Seria
mesmo o Liberalismo o maior inimigo do Fascismo?
Em
tempos nos quais o cinismo impera ao ponto de qualquer procedimento de inversão
da realidade ser utilizado para justificar ações convenientes, vem sendo
bastante difundida uma máxima cuja acepção crava que “o maior inimigo do
fascismo é o liberalismo”. No entanto, é uma pena para os desonestos
intelectuais de plantão, que há sempre a possibilidade dos fatos serem trazidos
à tona para desmistificarem tais falácias.
O Fascismo teve o
Liberalismo como berço
Comecemos
pela história de Vilfredo Pareto, economista liberal e sociólogo italiano de
origem francesa. Nascido em Paris, em meados do século XIX, Pareto foi inimigo
mortal de todo e qualquer protótipo de socialismo, contrário a qualquer forma
de intervencionismo no mercado e defensor da dominação das elites, além de ter
sido um dos teóricos que produziram a ideologia precursora do fascismo. É
possível que sua convicção na superioridade de uma classe de elite tenha
contribuído para a elevação do Fascismo na Itália.
Pareto
argumentou que a democracia era uma ilusão (da mesma forma que ultraliberais e
neoliberais dizem hoje) e que uma classe dominante sempre irá subsistir
enriquecendo-se cada vez mais, ou seja, como todo liberal, acreditava que as
desigualdades sociais faziam parte de uma ordem natural. Para ele, a
questão-chave era como ativamente agiam os governantes. Por esta razão, ele
reivindicou uma redução drástica do Estado e conceituou o regime de Benito
Mussolini como uma transição para esse Estado mínimo, de modo a libertar as
forças econômicas.
“Nos
primeiros anos de seu governo, Mussolini literalmente executou a política
prescrita por Pareto, destruindo a liberdade política. Mas, ao mesmo tempo,
substituindo a gestão estatal pela gestão privada, diminuindo os impostos sobre
a propriedade, favorecendo o desenvolvimento industrial e impondo uma educação
religiosa nos dogmas.” (BORKENAU, Franz. Pareto . Nova Iorque: John Wiley &
Sons, 1936. P. 18.)
É
verdade que Pareto considerou o triunfo de Mussolini como uma confirmação de
algumas das suas ideias, especialmente pelo fato do líder da Itália Fascista
demonstrar a importância da força e compartilhar seu desprezo por um sistema
igualitário. Posteriormente, ele aceitou uma nomeação “real” para o senado
italiano de Mussolini e morreu menos de um ano após a instauração do novo
regime.
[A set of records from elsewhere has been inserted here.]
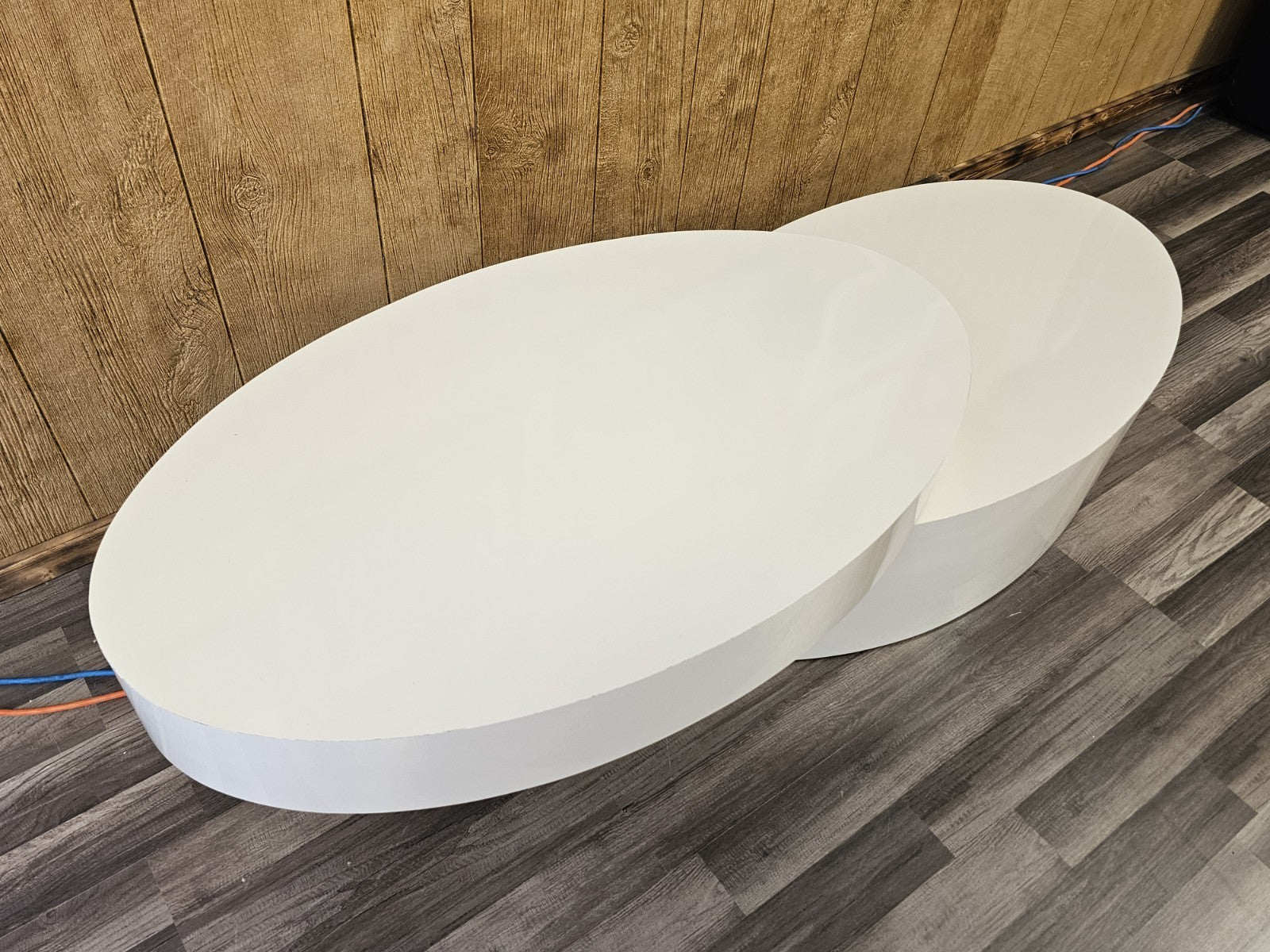 MCM Post Modern Modular Swivel Rotating Oval Adjustable Cream Coffee Table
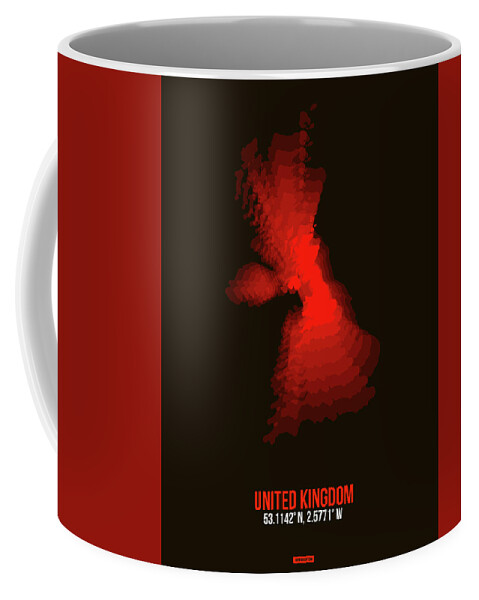  Coffee Mug featuring the pyrography United Kingdom Radiant Map 1 by Naxart Studio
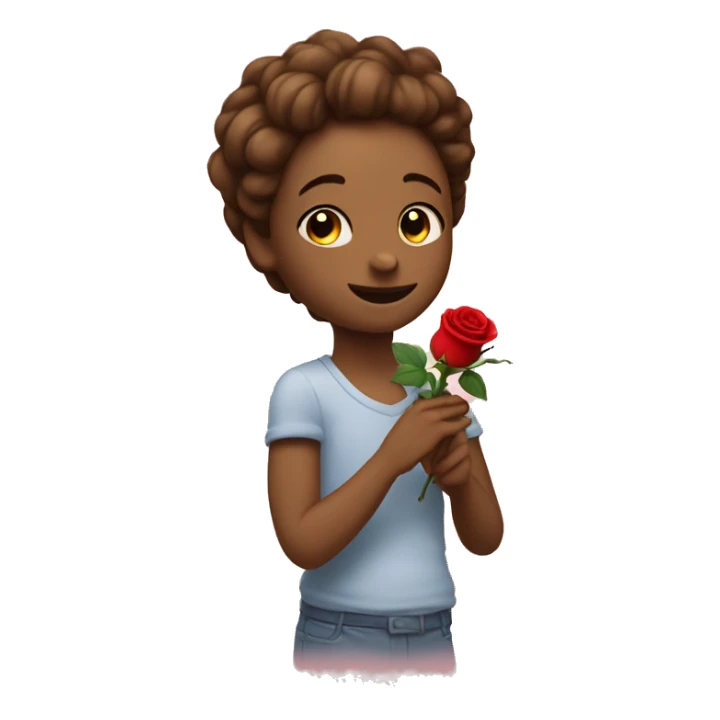 To lovingly caress a rose with one's hand sticker
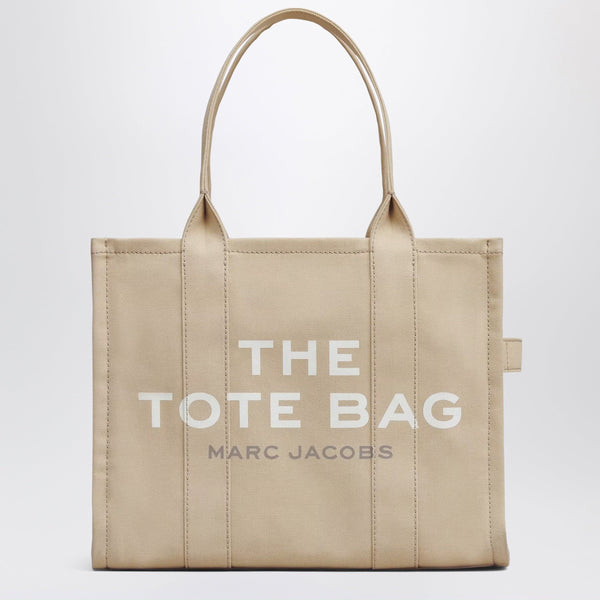 Beige Canvas Large Tote Bag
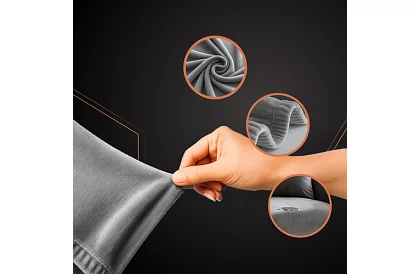 Napínací poťah na sedačku 145–185 cm – tmavošedý zamat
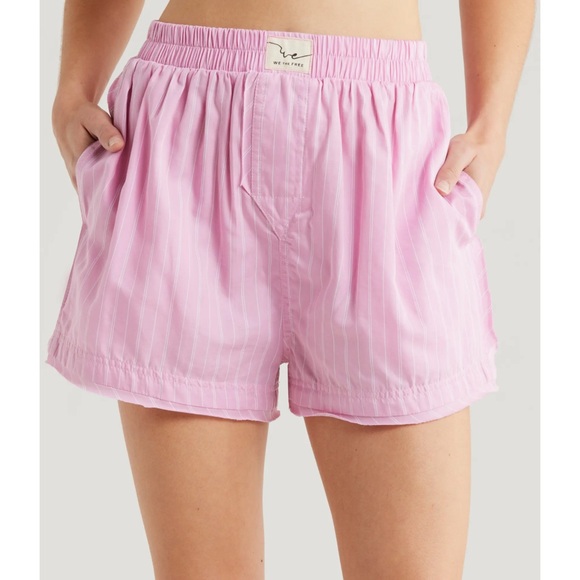 NWT Free People Light Pink Striped Day to Day Boxer Shorts - Picture 1 of 3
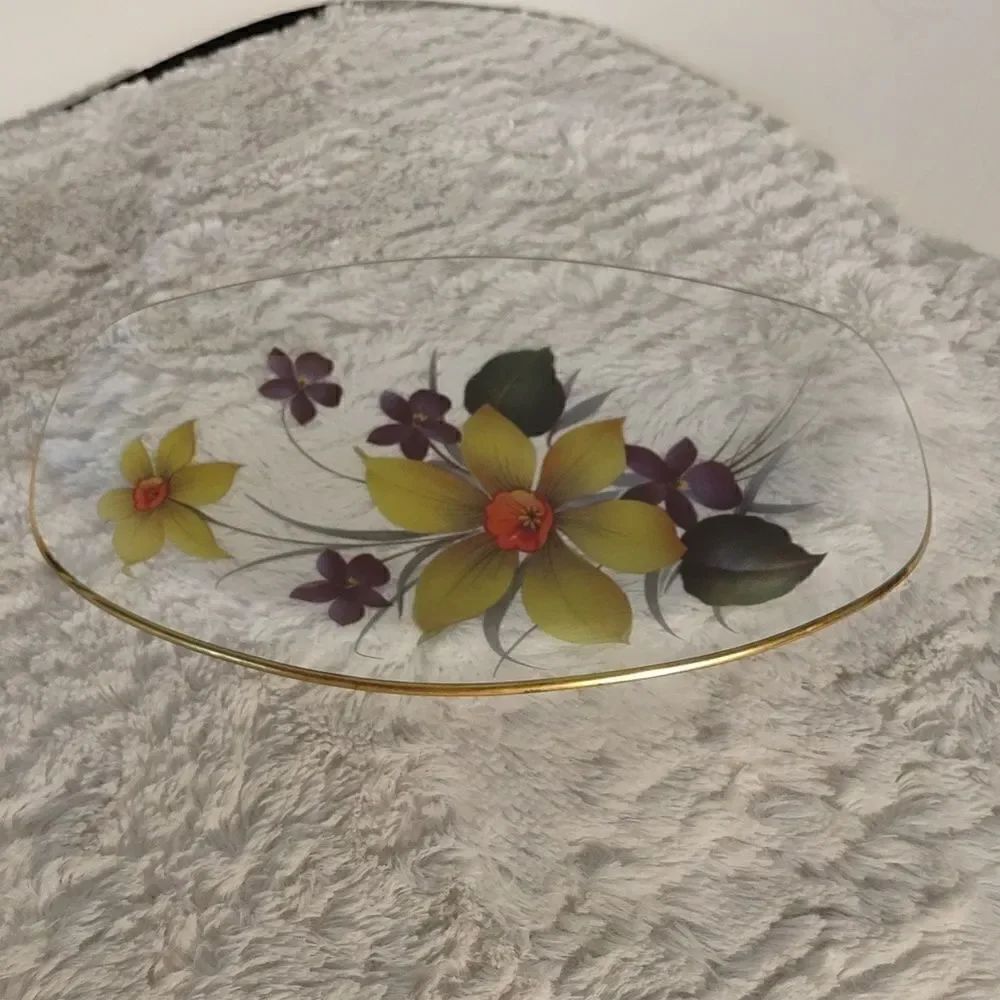 Chance Glass Gold Trim Floral Clear Glass Plate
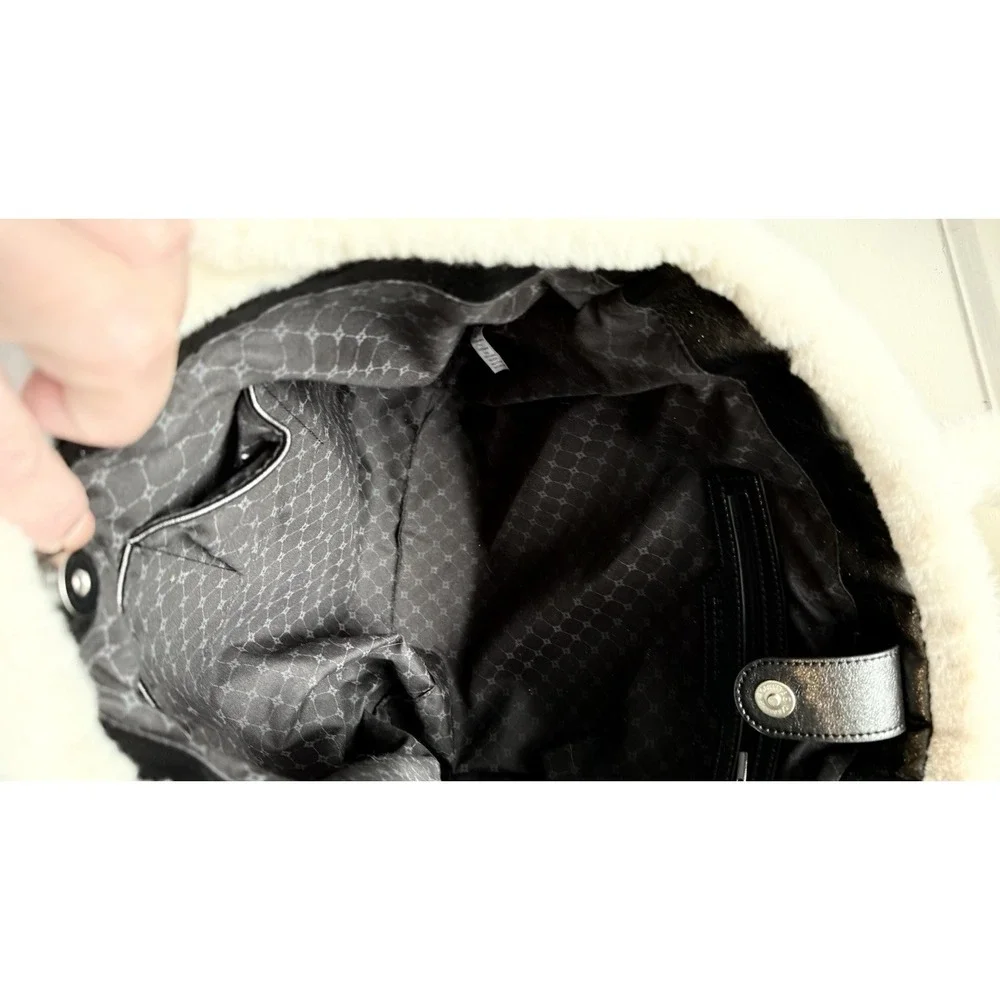 BCBGeneration Tote Black Faux Leather with White Faux Fur Trim 14x18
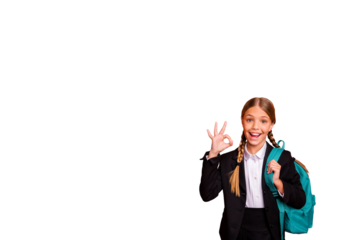 Composite trend artwork sketch image photo collage of vibrant color silhouette school age student small girl wear backpack show gesture ok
Contudo, a importância dele para o fascismo foi equivalente a de Karl
Marx para o socialismo científico.
O Liberalismo como
agenda das políticas econômicas de Mussolini
De
1922 a 1925, o regime de Mussolini seguiu a política econômica do
laissez-faire, sob o comando de um ministro de finanças liberal, Alberto De
Stefani. O ministro reduziu impostos, regulações, restrições comerciais e
permitiu que empresas competissem umas com as outras.
“Depois
da nomeação de Mussolini como primeiro-ministro, os industriais sentiram-se
ainda mais recompensados com a designação de Alberto De Stefani, um
intransigente liberal, como ministro das Finanças – para alegria de Luigi
Einaudi ( membro do Partido Liberal Italiano). De Stefani reduziu impostos,
aboliu isenções fiscais que beneficiavam contribuintes de baixa renda,
facilitou as transações com ações e a evasão fiscal reintroduzindo o animado
(abolido por Giolitti), eliminou a regulamentação dos alugueis, privatizou os
seguros de vida (introduzidos por Giolitti) e transferiu a gestão do sistema de
telefonia para o setor privado.” (SASSOON, Donald. Mussolini e a ascensão do
Fascismo. Rio de Janeiro: Agir, 2009. P. 120)
Ademais,
a ascensão do Fascismo (tal como a do nazismo de Adolf Hitler na Alemanha) só
foi possível com a colaboração e o suporte financeiro de grandes corporações
ainda hoje poderosas: BMW, Fiat, IG Farben (Bayer), Volkswagen, Siemens, IBM,
Chase Bank, Allianz, entre outros grupos de mídia, que financiaram esses
regimes com o objetivo de frear o avanço do socialismo soviético na Europa.
“Os
industriais ainda não confiavam em Mussolini, pois sabiam que fora socialista e
ainda usava uma retórica socialista. Mussolini deu-se conta disto, tratando, em
1921, de adaptar sua linguagem para o liberalismo econômico e abandonar os
princípios de intervencionismo estatal até então apregoados por ele. Em 1922,
para todos os efeitos, aderira plenamente ao liberalismo econômico, sendo
elogiado por um intransigente liberal em matéria econômica como Luigi Einaudi,
que no dia 7 de junho de 1922 acusou o prefeito de Bolonha de bolchevismo por
tentar conter a violência fascista.”
(…)
“Antes
de 1922, os industriais ignoravam o fascismo ou se mostravam indiferentes. Ao
longo de 1922, mantiveram-se basicamente calados sobre o advento do fascismo.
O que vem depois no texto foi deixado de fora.